“La prima enciclica di Leone XIV, Magnifica Humanitas, pubblicata oggi nel 135° anniversario della Rerum Novarum, non descrive l’intelligenza artificiale come un problema tecnico né soltanto etico, ma come una questione di potere: di chi controlla che cosa, di chi decide al posto di chi. È la diagnosi politica più netta arrivata finora dal magistero, e parla direttamente ai Parlamenti”. Lo affermano in una nota i senatori del Partito Democratico Lorenzo Basso e Antonio Nicita, primi firmatari del disegno di legge S.1859/2026 sulla regolazione degli algoritmi.

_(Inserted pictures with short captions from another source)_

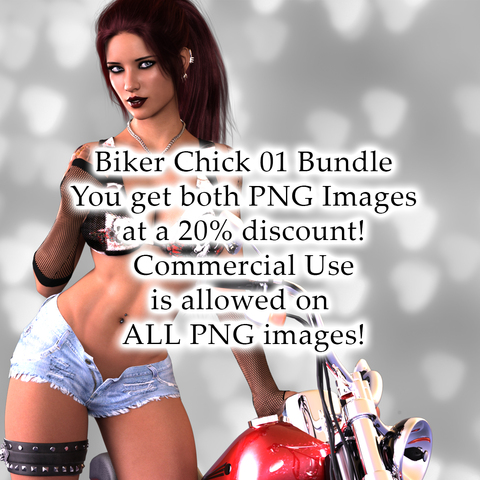 Biker Chick 01 Bundle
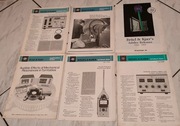 INSTRUKCJE BRUEL KJAER KATALOGI FOLDERY NOTY zestaw 6szt.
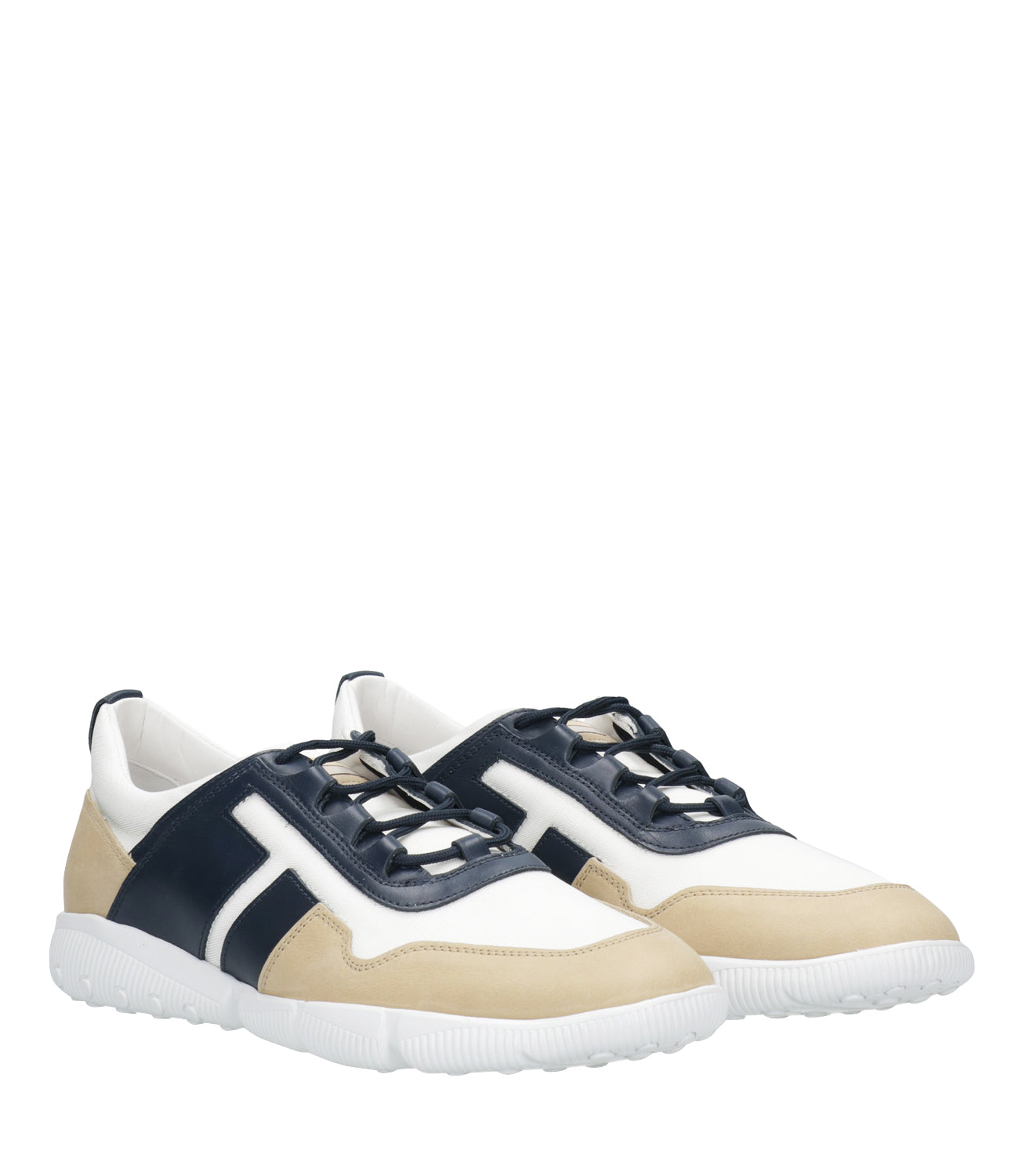 Sneakers in nubuck and technical fabric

“Il Papa — proseguono i due senatori — usa un verbo che pochi si aspettavano: ‘disarmare’ l’IA, cioè sottrarla ai monopoli, renderla discutibile, contestabile, abitabile. È esattamente la cornice in cui da mesi proponiamo di leggere tre diritti che oggi vanno scritti, applicati, fatti valere: il diritto a non essere disinformati, il diritto a non essere profilati e il diritto a non essere sorvegliati algoritmicamente sul lavoro”.

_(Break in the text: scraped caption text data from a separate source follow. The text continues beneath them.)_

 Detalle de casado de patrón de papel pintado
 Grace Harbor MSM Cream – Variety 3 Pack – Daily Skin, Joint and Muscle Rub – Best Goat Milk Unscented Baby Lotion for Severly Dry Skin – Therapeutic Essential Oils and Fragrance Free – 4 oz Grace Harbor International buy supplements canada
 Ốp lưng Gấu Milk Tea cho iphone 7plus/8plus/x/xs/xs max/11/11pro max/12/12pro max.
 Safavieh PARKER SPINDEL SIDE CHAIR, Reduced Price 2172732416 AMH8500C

“Sulla verità come bene comune — sottolineano Basso e Nicita — l’enciclica è esplicita: la disinformazione non è un inconveniente del mercato dell’attenzione, è un’aggressione a un bene pubblico”. “L’enciclica dedica poi un intero capitolo — aggiungono i parlamentari dem — a quella che noi chiamiamo dipendenza algoritmica. Scrive Leone XIV che ‘quando modelli imprenditoriali prosperano sulla debolezza umana, la persona è trattata come mezzo e non come fine, e chi progetta o finanzia questi sistemi assume una responsabilità morale che non può essere elusa’. È la condanna più esplicita mai arrivata da un’enciclica al modello di business dell’attenzione: la dipendenza algoritmica non è un effetto collaterale, è il prodotto industriale primario di una parte dell’economia delle piattaforme”.
“Occorre ora che i parlamenti accolgano questo messaggio— concludono Basso e Nicita — e traducano in norme proprio queste preoccupazioni”.